Input data:
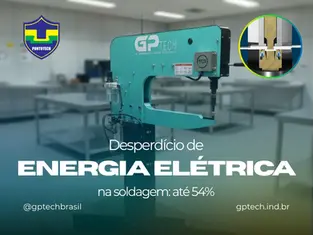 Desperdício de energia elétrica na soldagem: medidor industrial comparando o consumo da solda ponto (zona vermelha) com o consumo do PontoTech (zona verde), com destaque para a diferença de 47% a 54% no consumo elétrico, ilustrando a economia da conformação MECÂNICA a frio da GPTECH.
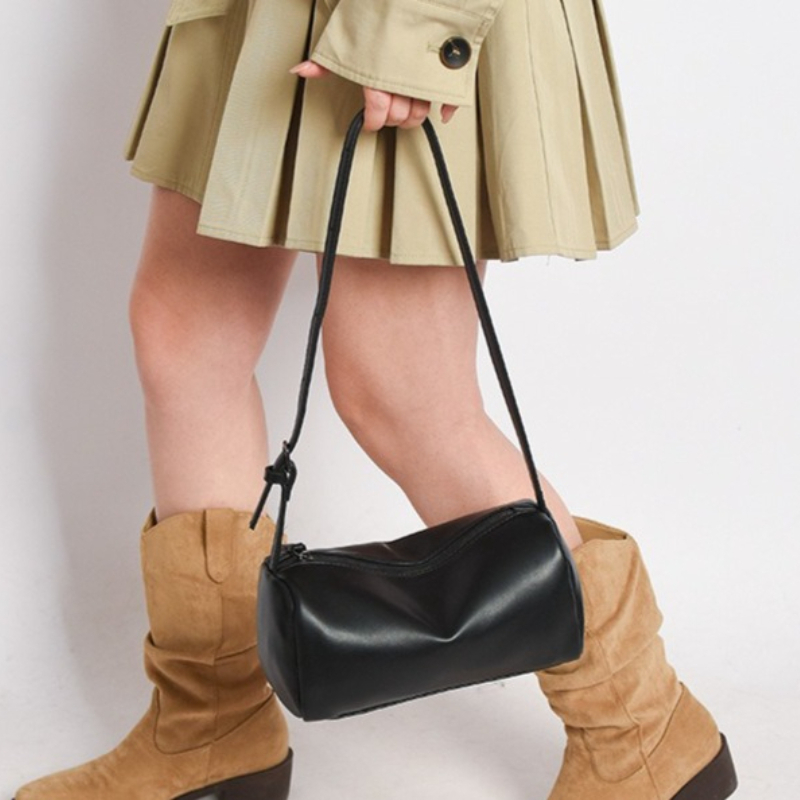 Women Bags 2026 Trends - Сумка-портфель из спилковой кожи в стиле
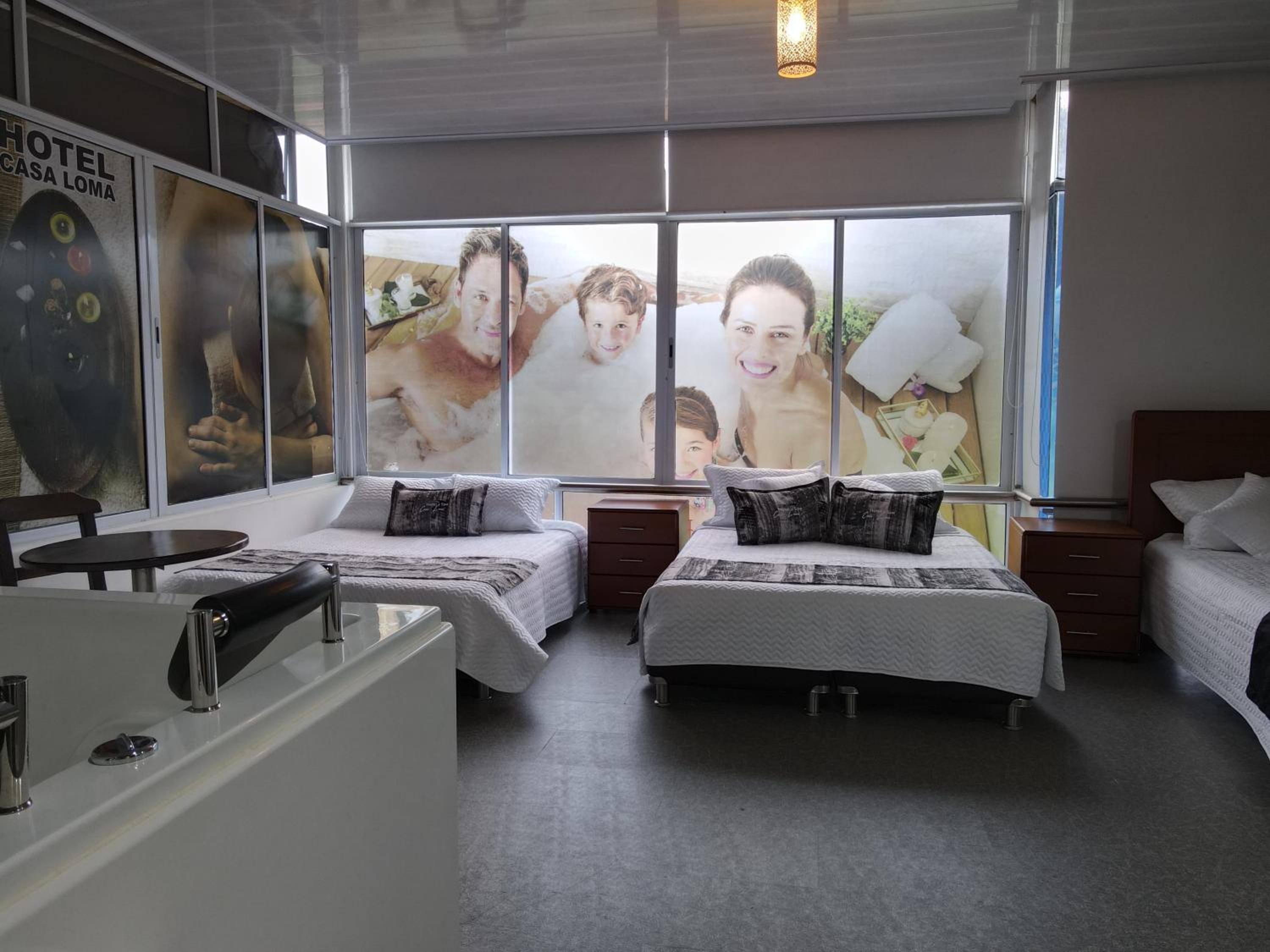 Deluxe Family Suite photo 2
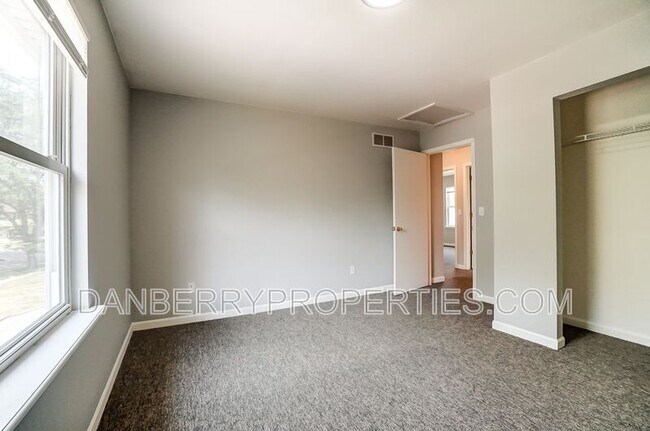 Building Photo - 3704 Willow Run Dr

Directions: Write the data above out again exactly, minus its pictures.

Response area:
 Desperdício de energia elétrica na soldagem: medidor industrial comparando o consumo da solda ponto (zona vermelha) com o consumo do PontoTech (zona verde), com destaque para a diferença de 47% a 54% no consumo elétrico, ilustrando a economia da conformação MECÂNICA a frio da GPTECH.
 Women Bags 2026 Trends - Сумка-портфель из спилковой кожи в стиле
 Deluxe Family Suite photo 2
 Building Photo - 3704 Willow Run Dr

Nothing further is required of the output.